Background information
- Born: March 26, 1981 (age 45)
- Origin: Montpelier, Vermont, U.S.
- Genres: Indie folk, Americana, country folk, pop music
- Occupations: Singer-songwriter; musician; playwright;
- Instruments: Vocals; guitar; piano;
- Years active: 2002–present
- Labels: Waterbug; Righteous Babe; Wilderland; Thirty Tigers; BMG;
- Spouse: Noah Hahn ​(m. 2006)​
- Website: www.anaismitchell.com

= Anaïs Mitchell =

American singer-songwriter

Anaïs Mitchell (/əˈneɪ.ɪs/; born March 26, 1981) is an American singer-songwriter, musician, and playwright. She has released eight studio albums throughout her career, including Hadestown (2010), Young Man in America (2012), Child Ballads (2013), and Anaïs Mitchell (2022).

With theatre director Rachel Chavkin, Mitchell developed Hadestown into a stage musical. It premiered off-Broadway in 2016, and made its Broadway debut three years later to critical acclaim. Hadestown won eight awards at the 73rd Annual Tony Awards, including Best Musical. For her work, Mitchell won the Tony Award for Best Original Score and was nominated for Best Book of a Musical. She additionally won the Grammy Award for Best Musical Theater Album. In 2020, Mitchell published her first book, Working on a Song: The Lyrics of Hadestown, and was named by Time magazine as one of the 100 most influential people in the world.

Mitchell is a member of the band Bonny Light Horseman, whose self-titled debut was released in 2020. The band's second album, Golden Rolling Holy, was released in 2022, followed by Keep Me on Your Mind/See You Free in 2024.

==Early life==
Mitchell's father, a novelist and college professor, named her after author Anaïs Nin. She grew up on Treleven farm in Addison County, Vermont and graduated from Mount Abraham Union High School.

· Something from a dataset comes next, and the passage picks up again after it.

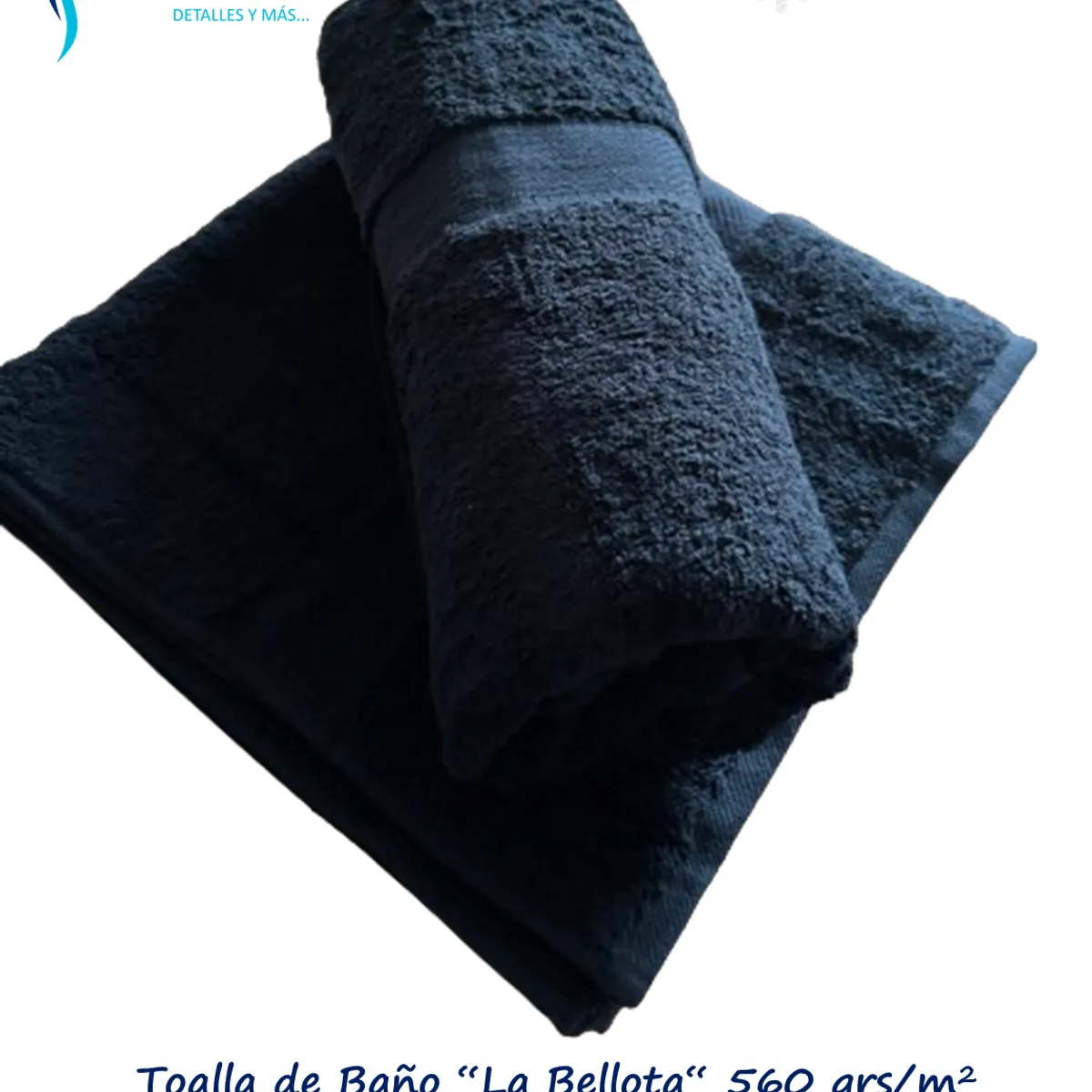 LA BELLOTA - Toalla de Baño "Gold Label" 560 grs/m2 "La Bellota" - Azul Marino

She was raised Quaker. Her mother was Deputy Secretary of Vermont's Agency of Human Services. After traveling to the Middle East, Europe and Latin America as a child, she attended Middlebury College, where she majored in political science and graduated in 2004.

==Career==
She began writing her first songs at the age of 17, around 1998. Just five years later Mitchell won the New Folk award in 2003, when she was 22, at the Kerrville Folk Festival. Her album Hymns for the Exiled was released on Chicago's Waterbug Records label in 2004. This recording attracted the attention of singer-songwriter Ani DiFranco, who signed her to the Righteous Babe Records label.

In 2006, Mitchell debuted a draft of her "folk opera" Hadestown, which she wrote in collaboration with arranger Michael Chorney and director Ben T. Matchstick. A revised version of Hadestown was staged in 2007. Her third album, The Brightness, was released that same year on Righteous Babe Records.

Her album Hadestown, produced by Todd Sickafoose, was released in spring 2010 to favorable reviews. Described as "the story of Orpheus and Eurydice set in post-apocalyptic Depression-era America, the album includes guest appearances by Ani DiFranco, Greg Brown, Justin Vernon of Bon Iver, Ben Knox Miller of The Low Anthem, and The Haden Triplets (Petra, Rachel, and Tanya Haden).

Mitchell continued quietly working on a stage version of Hadestown while also writing and recording new material. In early 2012, she released Young Man in America on Wilderland Records. Mitchell opened the North American leg of Bon Iver's autumn 2012 tour, which included two sold-out shows at Radio City Music Hall. The album was largely praised by critics as "genre-defying" and her "second consecutive masterpiece."

In late 2012, Mitchell completed recording seven songs from the collection of Child Ballads, compiled by Francis James Child, with fellow musician Jefferson Hamer. The album, produced by Gary Paczosa, was released in February 2013, winning a BBC Radio 2 Folk Award for Best Traditional Song. This was followed in 2014 by xoa, for which Mitchell re-recorded a number of her older songs using only guitar and vocals. This stripped back album included some songs from Hadestown which were recorded for the first time in Mitchell's own voice, as well as three brand new songs.

In summer 2016, the newly expanded theatrical version of Hadestown opened at New York Theatre Workshop with Vogue magazine predicting that "Hadestown will be your next musical theatre obsession". The following year, it received its Canadian premiere at The Citadel Theatre, Edmonton, and in April 2018, London's National Theatre announced that it would present a three-month run during the winter ahead of the show's Broadway transfer. Hadestown opened on Broadway at the Walter Kerr Theatre on April 17, 2019.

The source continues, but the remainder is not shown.